■ EXERCISE REQUIREMENTS ■
Word for word, output the data, with none of its pictures.

■ STORED DATA ■
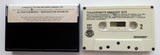 TCHAIKOVSKY  - "Tchaikovsky's Greatest Hits" (Various) - Cassette Tape (1969) [Canada Import] - Mint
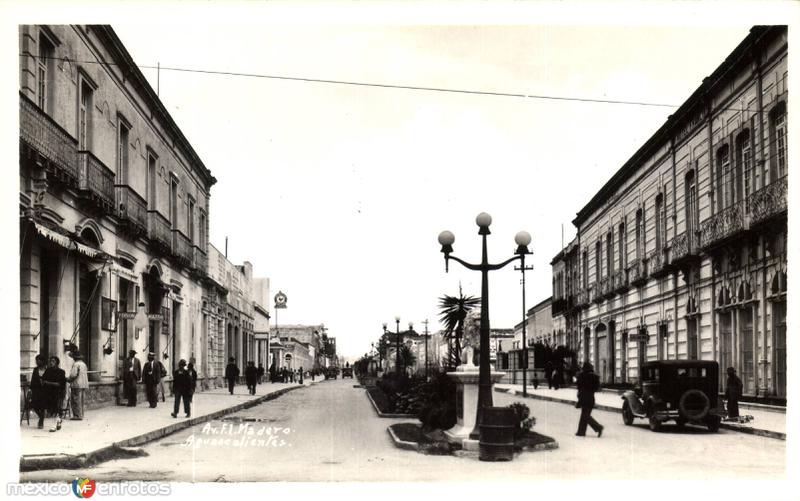 Avenida Fco. I. Madero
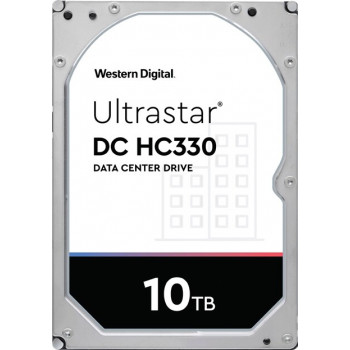 Western Digital Ultrastar HC330 dysk twardy, 10 TB, SATA, WUS721010ALE6L4 (0B42266)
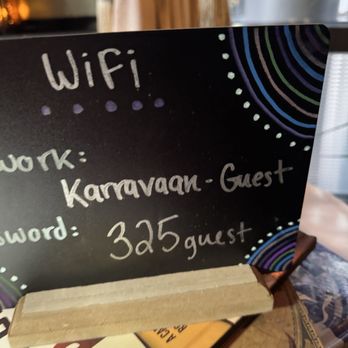 Karravaan - WiFi - Middle Eastern Near Me - Washington, DC, District of Columbia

■ SOLUTION TO THE EXERCISE ■
 TCHAIKOVSKY  - "Tchaikovsky's Greatest Hits" (Various) - Cassette Tape (1969) [Canada Import] - Mint
 Avenida Fco. I. Madero
 Western Digital Ultrastar HC330 dysk twardy, 10 TB, SATA, WUS721010ALE6L4 (0B42266)
 Karravaan - WiFi - Middle Eastern Near Me - Washington, DC, District of Columbia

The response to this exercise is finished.